▶ Dataset records
============

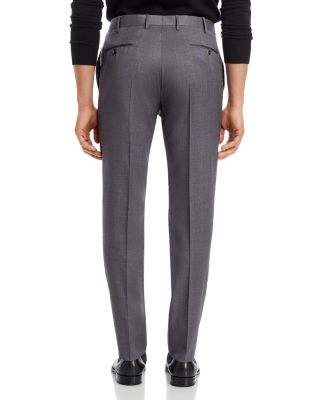 Slim Fit Flat Front Wool Trousers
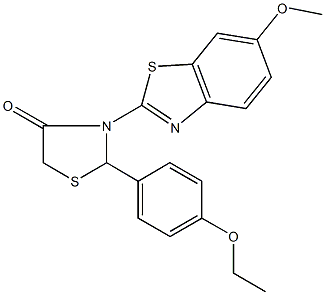 2-(4-ethoxyphenyl)-3-(6-methoxy-1,3-benzothiazol-2-yl)-1,3-thiazolidin-4-one 구조식 이미지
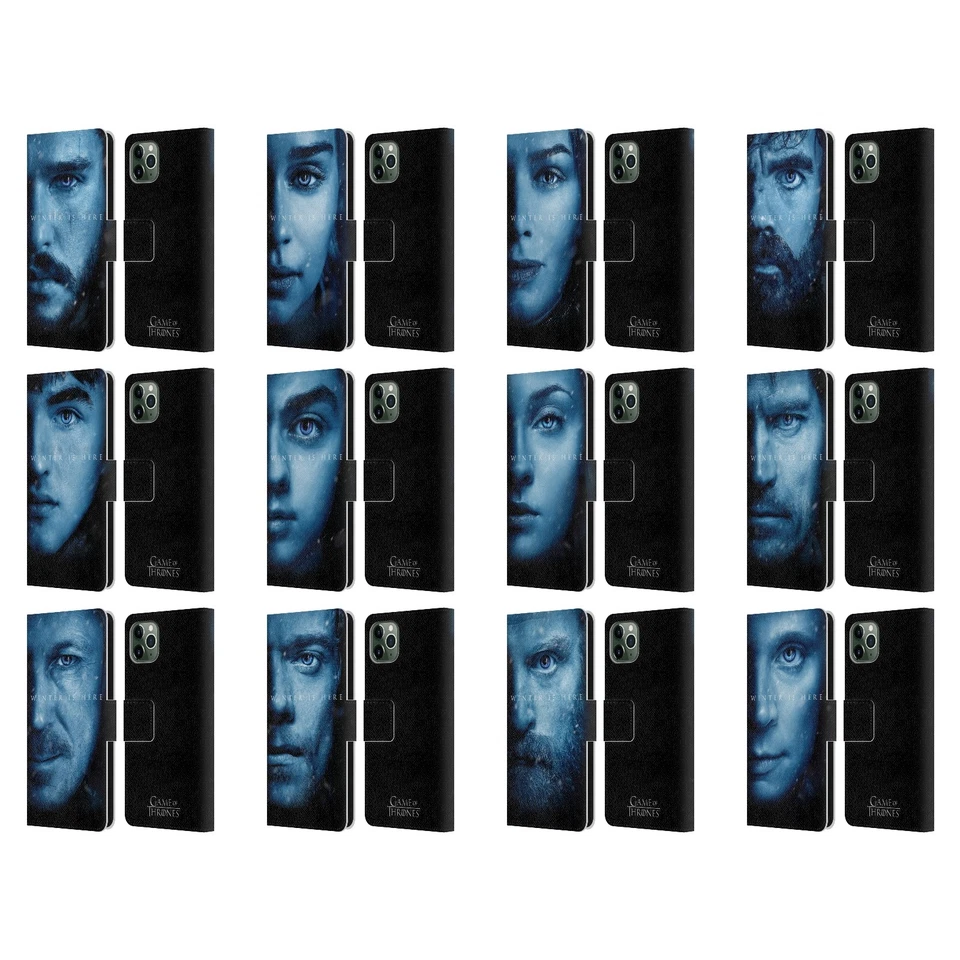 HBO GAME OF THRONES WINTER IS HERE LEATHER BOOK CASE FOR APPLE iPHONE PHONES - Image 1 of 4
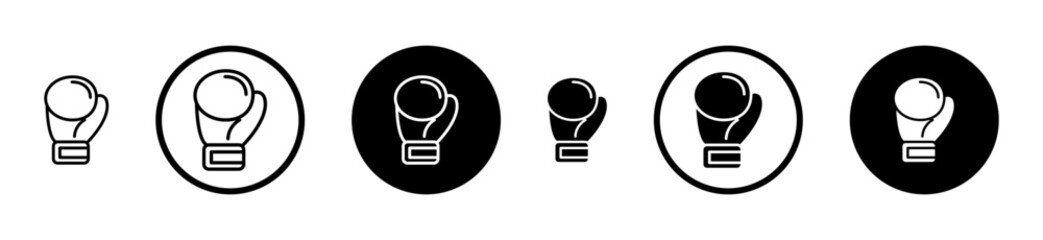 Boxing glove icons set in black filled and stroke line style
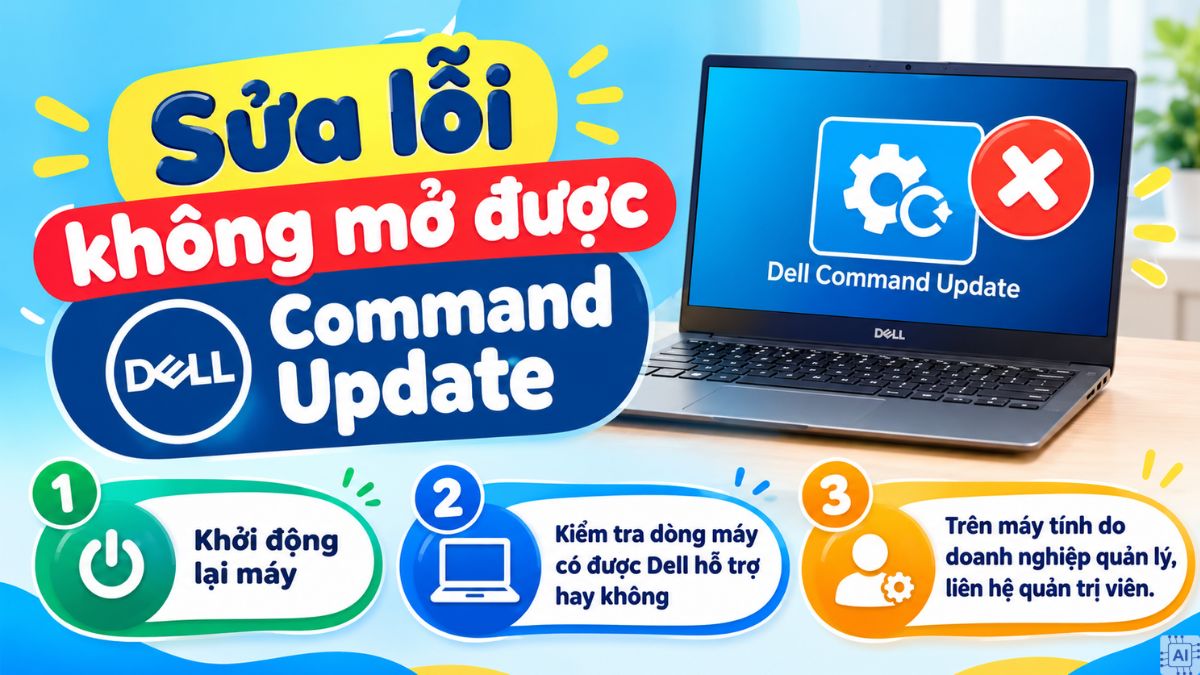 Một số cách khắc phục lỗi không mở được Dell Command Update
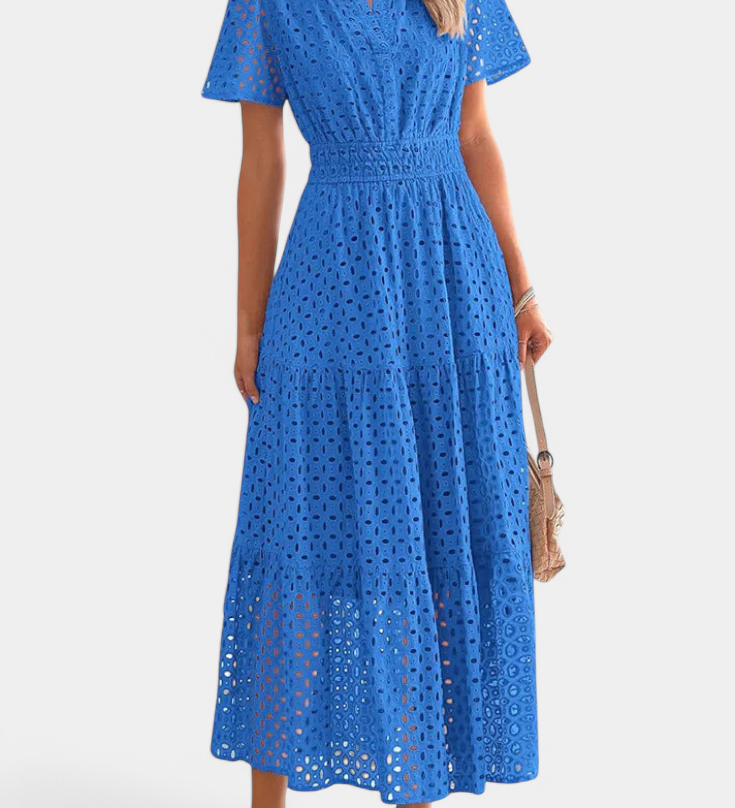 Elegante vestido maxi de encaje bordado Imani para ocasiones especiales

============

▶ Exercise
Without copying any picture, write out the entries exactly.

▶ Response
 Slim Fit Flat Front Wool Trousers
 2-(4-ethoxyphenyl)-3-(6-methoxy-1,3-benzothiazol-2-yl)-1,3-thiazolidin-4-one 구조식 이미지
 HBO GAME OF THRONES WINTER IS HERE LEATHER BOOK CASE FOR APPLE iPHONE PHONES - Image 1 of 4
 Boxing glove icons set in black filled and stroke line style
 Một số cách khắc phục lỗi không mở được Dell Command Update
 Elegante vestido maxi de encaje bordado Imani para ocasiones especiales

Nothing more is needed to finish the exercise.